* _Captioned web images_
————————

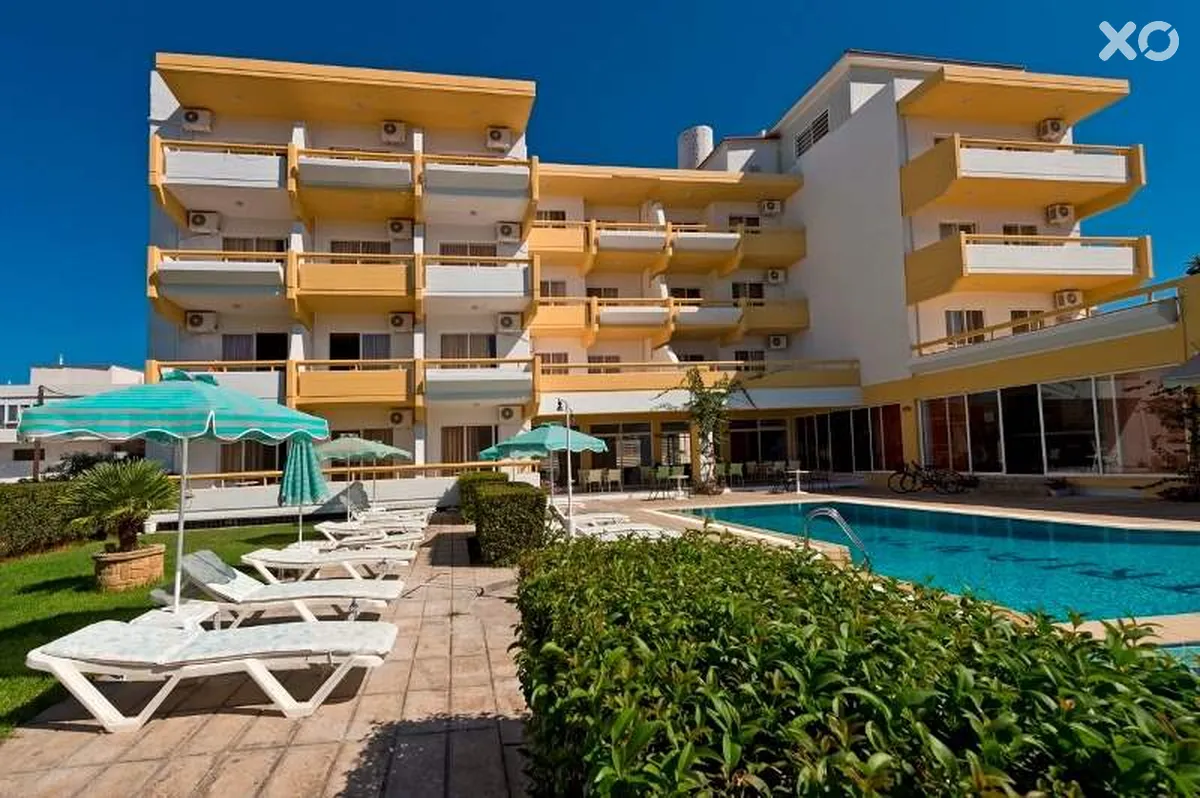 Trianta Hotel Apartments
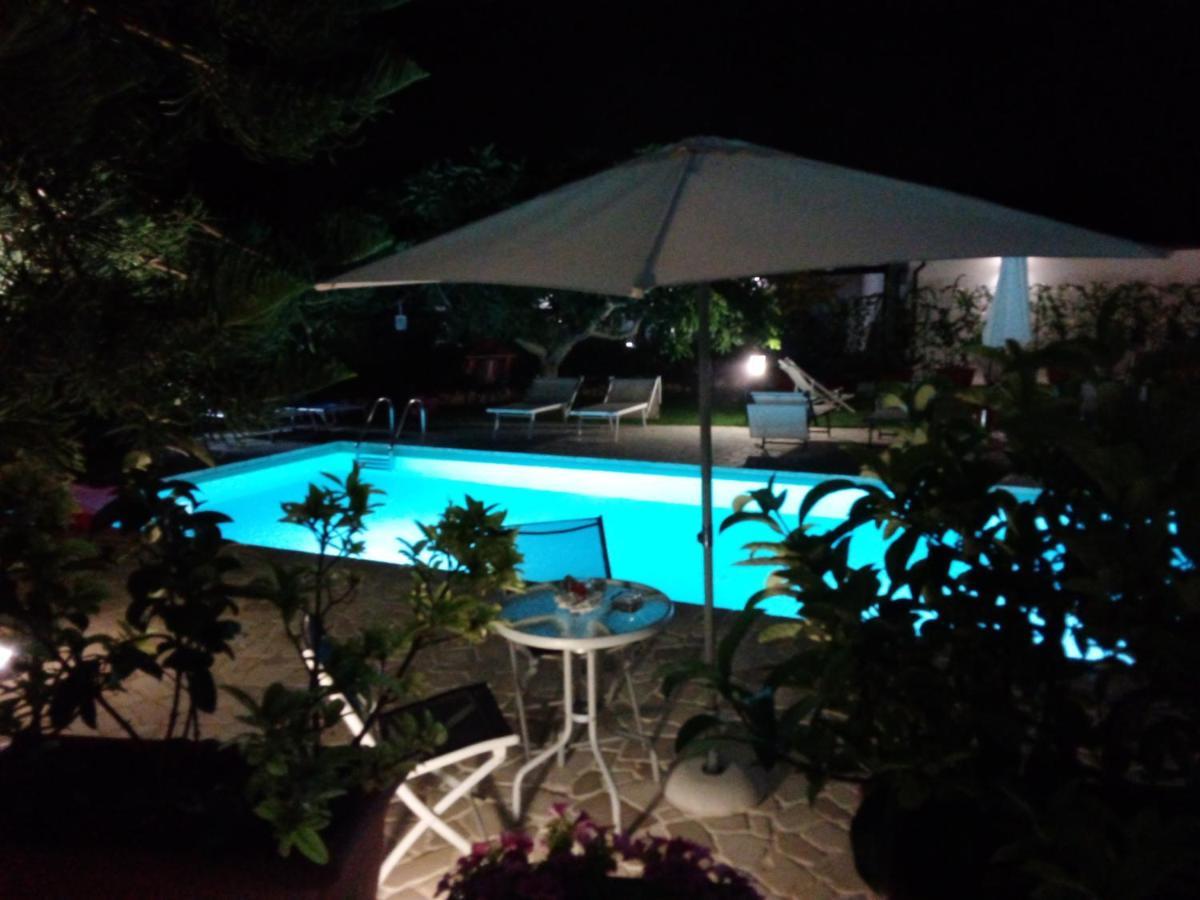 Casa Vacanza Augusto Uggiano La Chiesa Exteriér fotografie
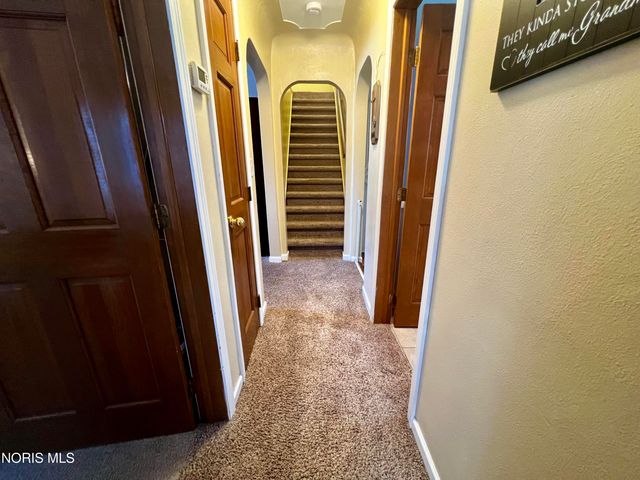 212 E Indiana Avenue, Maumee, OH 43537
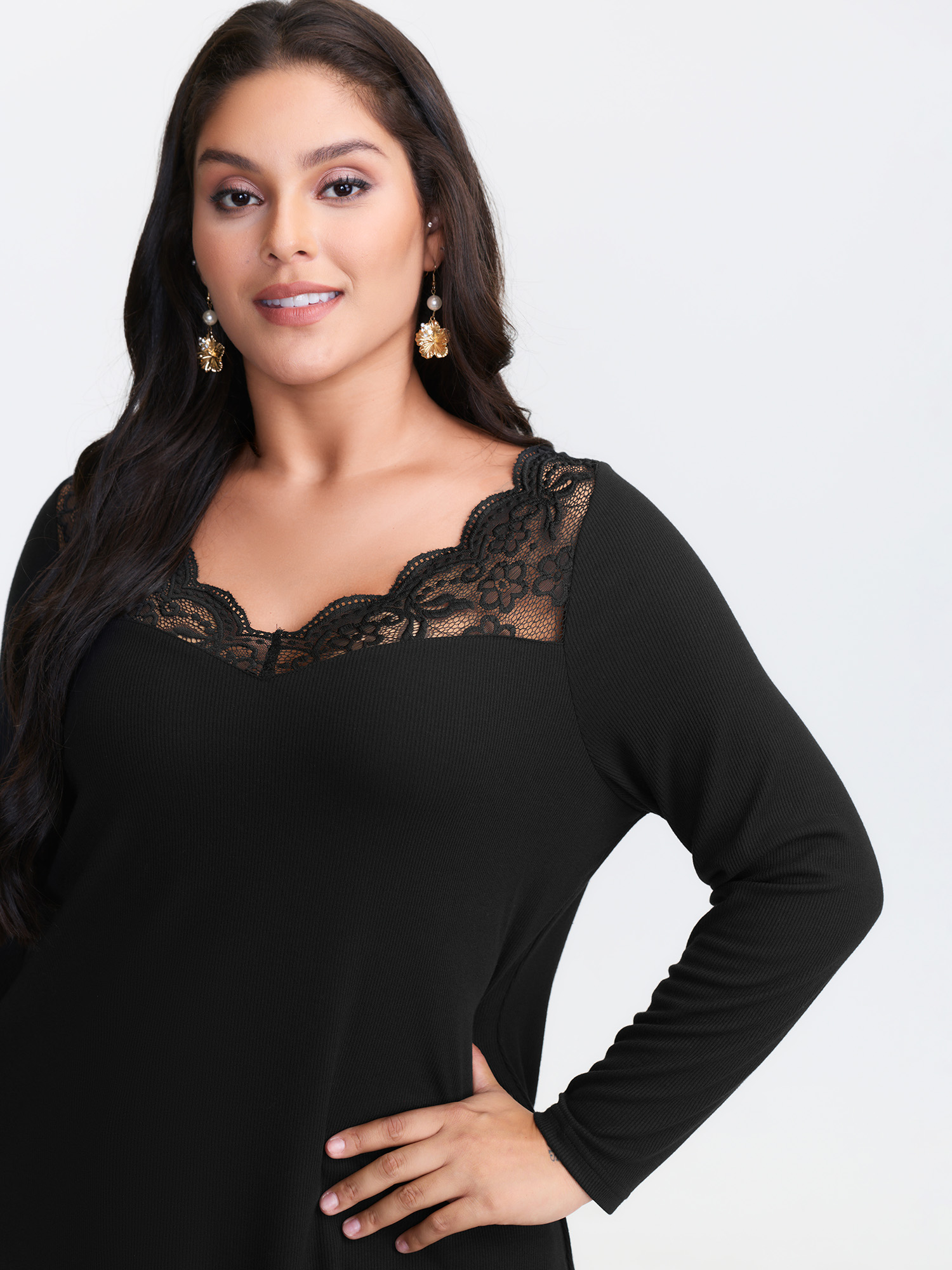 BloomChic Women's Plus Size Sheer Lace V-Neckline T-Shirt Black Solid Everyday-Elegant Long Sleeve V-Neck 22-24/3X
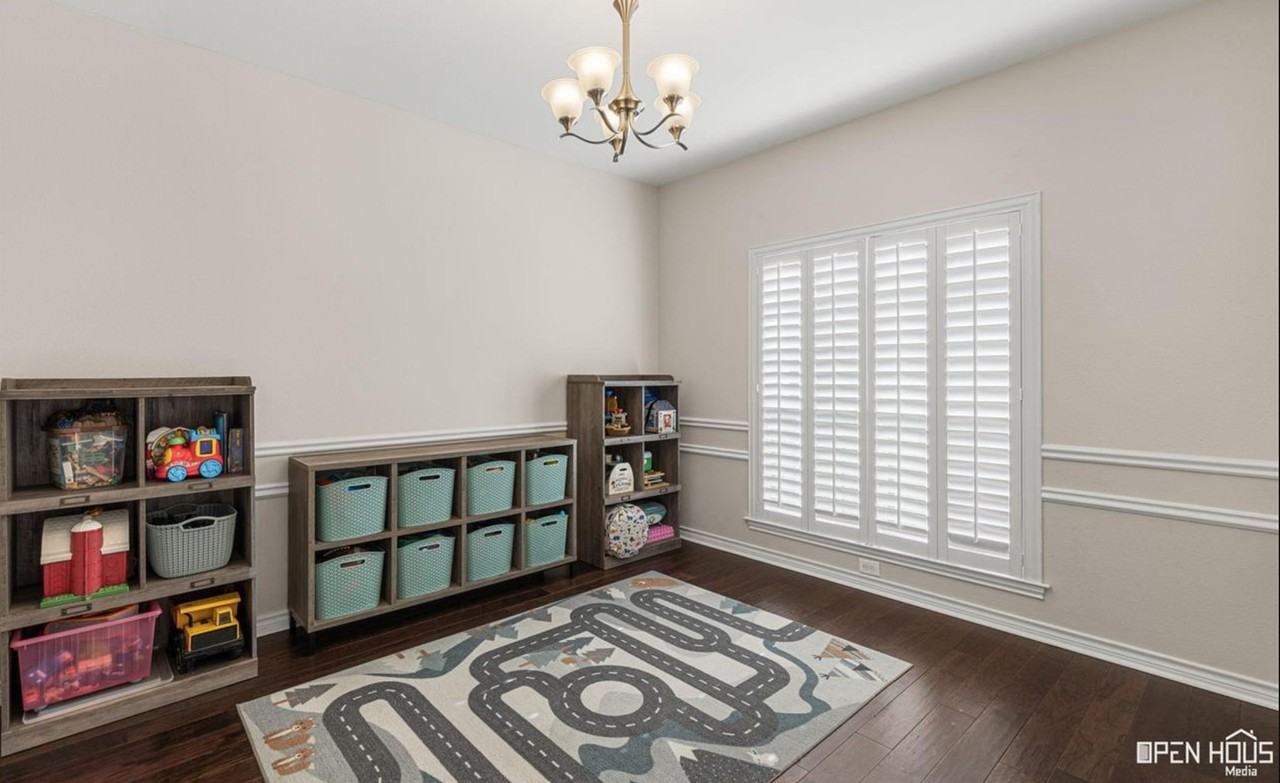 3506 Rugby Ln - Photo 3 of 19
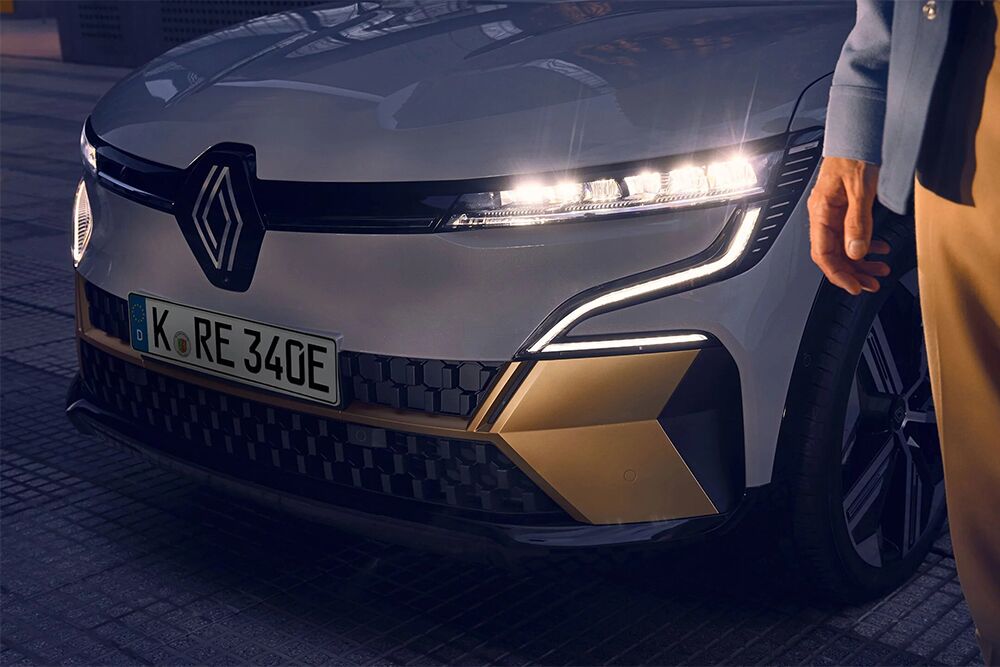 Eine Nahaufnahme der Lichtsignatur des Renault Megane E-Tech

————————

* _BRIEF_
Could you copy the lines above exactly and skip the images?

* _RESPONSE AREA_
 Trianta Hotel Apartments
 Casa Vacanza Augusto Uggiano La Chiesa Exteriér fotografie
 212 E Indiana Avenue, Maumee, OH 43537
 BloomChic Women's Plus Size Sheer Lace V-Neckline T-Shirt Black Solid Everyday-Elegant Long Sleeve V-Neck 22-24/3X
 3506 Rugby Ln - Photo 3 of 19
 Eine Nahaufnahme der Lichtsignatur des Renault Megane E-Tech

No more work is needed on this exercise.